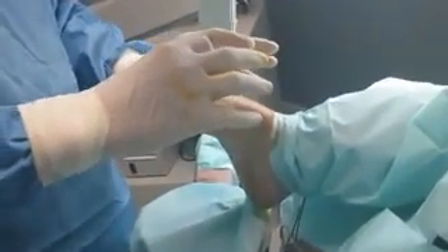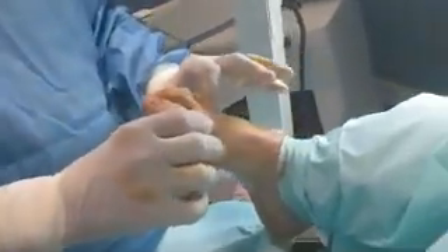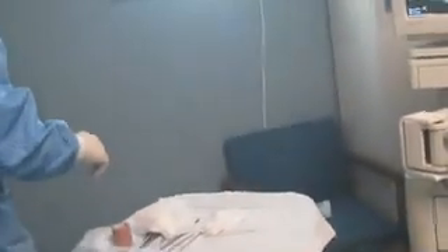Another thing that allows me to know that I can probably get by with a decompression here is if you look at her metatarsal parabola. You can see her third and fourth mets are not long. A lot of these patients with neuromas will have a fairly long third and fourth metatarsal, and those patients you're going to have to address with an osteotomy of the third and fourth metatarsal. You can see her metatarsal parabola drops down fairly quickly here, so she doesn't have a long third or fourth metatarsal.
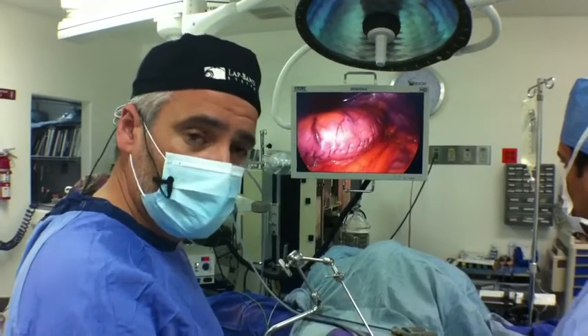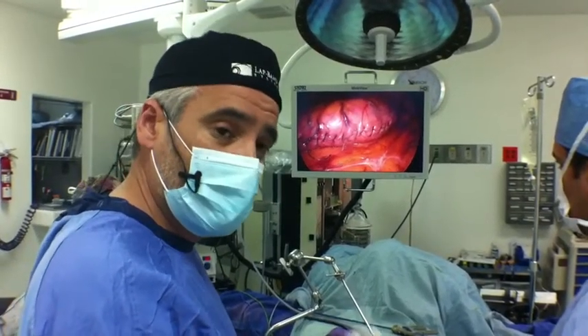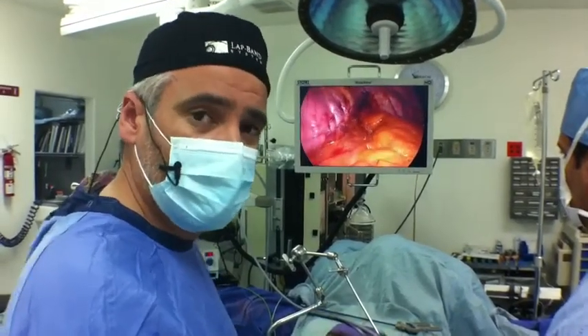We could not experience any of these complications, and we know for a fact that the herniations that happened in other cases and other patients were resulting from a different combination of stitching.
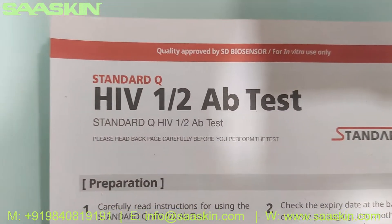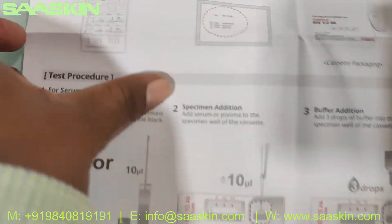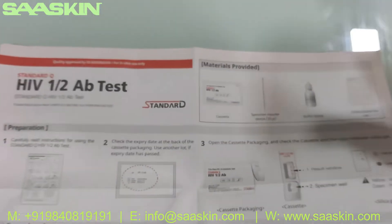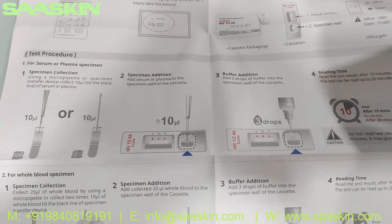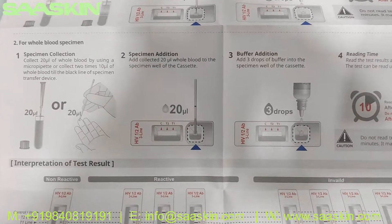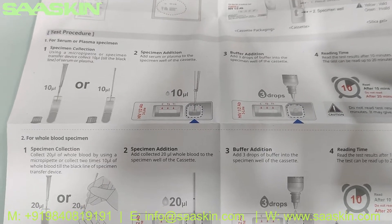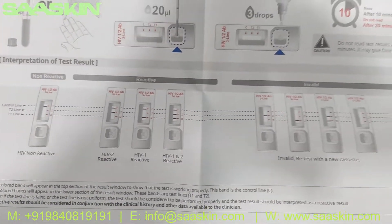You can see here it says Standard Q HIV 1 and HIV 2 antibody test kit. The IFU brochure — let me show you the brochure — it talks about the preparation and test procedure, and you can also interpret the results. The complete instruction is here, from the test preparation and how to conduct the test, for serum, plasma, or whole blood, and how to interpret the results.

* * *

## ABOUT THIS TASK
The required answer is the material repeated exactly, with no images in it.

## WRITTEN RESPONSE
Another thing that allows me to know that I can probably get by with a decompression here is if you look at her metatarsal parabola. You can see her third and fourth mets are not long. A lot of these patients with neuromas will have a fairly long third and fourth metatarsal, and those patients you're going to have to address with an osteotomy of the third and fourth metatarsal. You can see her metatarsal parabola drops down fairly quickly here, so she doesn't have a long third or fourth metatarsal.
We could not experience any of these complications, and we know for a fact that the herniations that happened in other cases and other patients were resulting from a different combination of stitching.
You can see here it says Standard Q HIV 1 and HIV 2 antibody test kit. The IFU brochure — let me show you the brochure — it talks about the preparation and test procedure, and you can also interpret the results. The complete instruction is here, from the test preparation and how to conduct the test, for serum, plasma, or whole blood, and how to interpret the results.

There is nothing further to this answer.